Reproduce exactly, and only, the lines below from the one containing "Chico's Zenergy Lightweight" through the one containing "Cadeau de 60e".
Materials provided START
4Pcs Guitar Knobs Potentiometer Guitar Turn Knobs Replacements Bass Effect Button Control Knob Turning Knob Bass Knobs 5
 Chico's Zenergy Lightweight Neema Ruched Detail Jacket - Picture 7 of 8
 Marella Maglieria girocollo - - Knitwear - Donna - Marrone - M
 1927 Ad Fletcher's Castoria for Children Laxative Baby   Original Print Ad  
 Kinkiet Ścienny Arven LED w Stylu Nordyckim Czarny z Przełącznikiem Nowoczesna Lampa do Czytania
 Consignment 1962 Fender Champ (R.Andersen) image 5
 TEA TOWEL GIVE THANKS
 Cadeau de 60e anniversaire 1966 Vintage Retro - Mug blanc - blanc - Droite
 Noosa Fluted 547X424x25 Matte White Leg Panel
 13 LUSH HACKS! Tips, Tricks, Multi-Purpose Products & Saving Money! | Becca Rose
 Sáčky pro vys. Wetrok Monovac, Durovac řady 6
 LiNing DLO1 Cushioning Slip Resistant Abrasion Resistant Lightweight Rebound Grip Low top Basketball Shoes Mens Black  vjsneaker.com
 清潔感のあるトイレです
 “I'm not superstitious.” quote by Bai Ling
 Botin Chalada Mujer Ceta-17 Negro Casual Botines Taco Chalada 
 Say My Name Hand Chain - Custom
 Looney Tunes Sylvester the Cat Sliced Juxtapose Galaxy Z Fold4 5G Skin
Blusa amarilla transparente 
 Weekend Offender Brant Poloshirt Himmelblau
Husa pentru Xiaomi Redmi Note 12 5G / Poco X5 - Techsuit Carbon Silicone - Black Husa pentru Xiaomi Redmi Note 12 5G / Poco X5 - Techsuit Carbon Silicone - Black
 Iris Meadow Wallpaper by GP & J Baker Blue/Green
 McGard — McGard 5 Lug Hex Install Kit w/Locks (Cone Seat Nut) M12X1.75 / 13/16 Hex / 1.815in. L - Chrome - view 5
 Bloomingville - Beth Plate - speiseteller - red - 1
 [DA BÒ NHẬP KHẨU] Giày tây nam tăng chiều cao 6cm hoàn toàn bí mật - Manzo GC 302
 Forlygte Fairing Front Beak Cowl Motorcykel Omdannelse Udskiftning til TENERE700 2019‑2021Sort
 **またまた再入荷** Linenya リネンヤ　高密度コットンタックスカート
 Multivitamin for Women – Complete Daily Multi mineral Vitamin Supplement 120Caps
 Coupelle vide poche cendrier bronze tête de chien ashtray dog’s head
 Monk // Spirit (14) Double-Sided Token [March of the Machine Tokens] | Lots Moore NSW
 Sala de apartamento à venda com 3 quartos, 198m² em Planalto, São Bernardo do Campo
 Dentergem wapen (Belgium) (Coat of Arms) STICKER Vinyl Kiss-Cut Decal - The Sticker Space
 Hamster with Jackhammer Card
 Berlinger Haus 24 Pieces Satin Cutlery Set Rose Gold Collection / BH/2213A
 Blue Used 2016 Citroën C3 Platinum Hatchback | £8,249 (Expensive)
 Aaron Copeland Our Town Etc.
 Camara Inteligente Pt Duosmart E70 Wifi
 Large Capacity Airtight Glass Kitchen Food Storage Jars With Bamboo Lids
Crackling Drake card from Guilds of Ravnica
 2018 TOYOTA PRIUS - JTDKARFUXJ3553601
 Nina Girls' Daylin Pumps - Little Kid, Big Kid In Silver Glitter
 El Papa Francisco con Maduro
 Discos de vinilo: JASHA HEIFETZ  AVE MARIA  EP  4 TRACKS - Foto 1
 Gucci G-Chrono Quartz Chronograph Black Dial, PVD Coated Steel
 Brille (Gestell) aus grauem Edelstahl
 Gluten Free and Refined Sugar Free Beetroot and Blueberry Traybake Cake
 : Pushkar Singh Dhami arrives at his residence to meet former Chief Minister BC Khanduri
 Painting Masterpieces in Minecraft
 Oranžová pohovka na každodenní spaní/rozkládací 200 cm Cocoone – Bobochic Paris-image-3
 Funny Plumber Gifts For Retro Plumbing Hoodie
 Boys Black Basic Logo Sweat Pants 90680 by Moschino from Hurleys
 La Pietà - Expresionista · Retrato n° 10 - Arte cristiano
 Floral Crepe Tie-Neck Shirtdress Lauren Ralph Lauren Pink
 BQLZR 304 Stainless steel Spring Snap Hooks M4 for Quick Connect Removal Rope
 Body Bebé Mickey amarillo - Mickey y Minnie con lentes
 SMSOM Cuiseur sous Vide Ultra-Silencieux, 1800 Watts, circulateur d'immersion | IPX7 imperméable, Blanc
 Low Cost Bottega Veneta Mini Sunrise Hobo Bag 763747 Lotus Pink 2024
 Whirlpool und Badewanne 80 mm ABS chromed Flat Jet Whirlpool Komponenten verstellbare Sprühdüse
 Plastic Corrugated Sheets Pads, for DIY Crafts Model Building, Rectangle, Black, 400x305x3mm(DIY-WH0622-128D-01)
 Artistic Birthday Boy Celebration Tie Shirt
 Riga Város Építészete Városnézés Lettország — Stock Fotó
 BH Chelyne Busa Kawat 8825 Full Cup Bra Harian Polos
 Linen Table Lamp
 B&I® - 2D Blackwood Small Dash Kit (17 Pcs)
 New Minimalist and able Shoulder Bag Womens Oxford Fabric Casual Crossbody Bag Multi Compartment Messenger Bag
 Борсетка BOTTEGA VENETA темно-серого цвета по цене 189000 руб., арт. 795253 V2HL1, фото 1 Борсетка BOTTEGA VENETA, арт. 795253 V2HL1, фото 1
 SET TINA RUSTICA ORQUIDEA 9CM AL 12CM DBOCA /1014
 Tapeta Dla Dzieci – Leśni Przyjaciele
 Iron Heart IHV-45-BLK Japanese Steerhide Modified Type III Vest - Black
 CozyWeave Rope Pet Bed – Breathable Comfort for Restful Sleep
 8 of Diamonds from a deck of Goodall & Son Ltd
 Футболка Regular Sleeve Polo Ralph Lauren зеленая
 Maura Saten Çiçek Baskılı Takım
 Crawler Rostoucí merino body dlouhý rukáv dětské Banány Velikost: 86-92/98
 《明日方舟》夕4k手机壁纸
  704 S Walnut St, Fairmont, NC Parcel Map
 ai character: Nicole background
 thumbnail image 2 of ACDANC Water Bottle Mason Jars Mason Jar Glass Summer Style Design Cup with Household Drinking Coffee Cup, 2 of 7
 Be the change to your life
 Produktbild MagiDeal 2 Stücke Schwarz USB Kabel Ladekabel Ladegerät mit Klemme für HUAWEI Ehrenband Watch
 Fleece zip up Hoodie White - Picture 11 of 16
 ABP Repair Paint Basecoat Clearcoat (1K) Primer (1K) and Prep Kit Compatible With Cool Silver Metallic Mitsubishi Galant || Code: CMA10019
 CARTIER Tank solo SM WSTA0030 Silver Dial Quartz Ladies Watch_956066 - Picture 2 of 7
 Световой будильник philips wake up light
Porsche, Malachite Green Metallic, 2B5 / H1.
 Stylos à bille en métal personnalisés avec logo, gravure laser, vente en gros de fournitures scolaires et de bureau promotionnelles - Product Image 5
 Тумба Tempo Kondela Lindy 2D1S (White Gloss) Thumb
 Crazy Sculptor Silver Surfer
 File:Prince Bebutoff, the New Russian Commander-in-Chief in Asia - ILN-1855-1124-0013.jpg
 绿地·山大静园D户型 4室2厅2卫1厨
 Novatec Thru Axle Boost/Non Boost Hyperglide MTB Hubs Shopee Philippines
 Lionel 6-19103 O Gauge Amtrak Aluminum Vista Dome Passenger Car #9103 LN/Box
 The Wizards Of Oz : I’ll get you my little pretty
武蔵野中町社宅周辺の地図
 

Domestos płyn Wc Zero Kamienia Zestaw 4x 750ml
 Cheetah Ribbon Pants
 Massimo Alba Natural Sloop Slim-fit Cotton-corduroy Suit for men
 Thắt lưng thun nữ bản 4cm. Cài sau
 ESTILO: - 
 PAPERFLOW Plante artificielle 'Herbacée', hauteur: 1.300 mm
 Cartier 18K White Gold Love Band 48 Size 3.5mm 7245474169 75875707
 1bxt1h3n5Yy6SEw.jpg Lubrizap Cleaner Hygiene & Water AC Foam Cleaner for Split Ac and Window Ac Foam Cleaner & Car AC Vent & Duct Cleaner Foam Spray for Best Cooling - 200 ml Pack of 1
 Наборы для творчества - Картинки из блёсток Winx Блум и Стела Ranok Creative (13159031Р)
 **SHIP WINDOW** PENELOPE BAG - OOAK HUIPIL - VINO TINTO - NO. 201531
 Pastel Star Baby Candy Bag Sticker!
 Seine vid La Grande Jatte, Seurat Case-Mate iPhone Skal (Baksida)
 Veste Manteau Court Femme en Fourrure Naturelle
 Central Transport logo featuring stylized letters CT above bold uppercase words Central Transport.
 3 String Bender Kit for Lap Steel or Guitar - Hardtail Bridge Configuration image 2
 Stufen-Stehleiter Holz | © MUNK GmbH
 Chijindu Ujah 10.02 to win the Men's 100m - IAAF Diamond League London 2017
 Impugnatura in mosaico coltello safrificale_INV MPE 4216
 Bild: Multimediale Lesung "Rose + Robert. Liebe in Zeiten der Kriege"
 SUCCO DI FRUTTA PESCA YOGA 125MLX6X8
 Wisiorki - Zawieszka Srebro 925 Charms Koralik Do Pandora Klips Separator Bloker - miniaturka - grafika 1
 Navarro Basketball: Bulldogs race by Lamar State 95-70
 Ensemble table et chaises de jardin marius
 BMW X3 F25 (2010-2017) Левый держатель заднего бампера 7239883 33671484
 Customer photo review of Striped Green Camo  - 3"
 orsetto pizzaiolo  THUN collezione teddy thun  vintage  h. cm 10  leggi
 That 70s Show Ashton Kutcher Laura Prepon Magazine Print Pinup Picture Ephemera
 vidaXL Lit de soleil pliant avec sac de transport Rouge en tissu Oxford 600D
Materials provided END
> **Exercise result**:
 Chico's Zenergy Lightweight Neema Ruched Detail Jacket - Picture 7 of 8
 Marella Maglieria girocollo - - Knitwear - Donna - Marrone - M
 1927 Ad Fletcher's Castoria for Children Laxative Baby   Original Print Ad  
 Kinkiet Ścienny Arven LED w Stylu Nordyckim Czarny z Przełącznikiem Nowoczesna Lampa do Czytania
 Consignment 1962 Fender Champ (R.Andersen) image 5
 TEA TOWEL GIVE THANKS
 Cadeau de 60e anniversaire 1966 Vintage Retro - Mug blanc - blanc - Droite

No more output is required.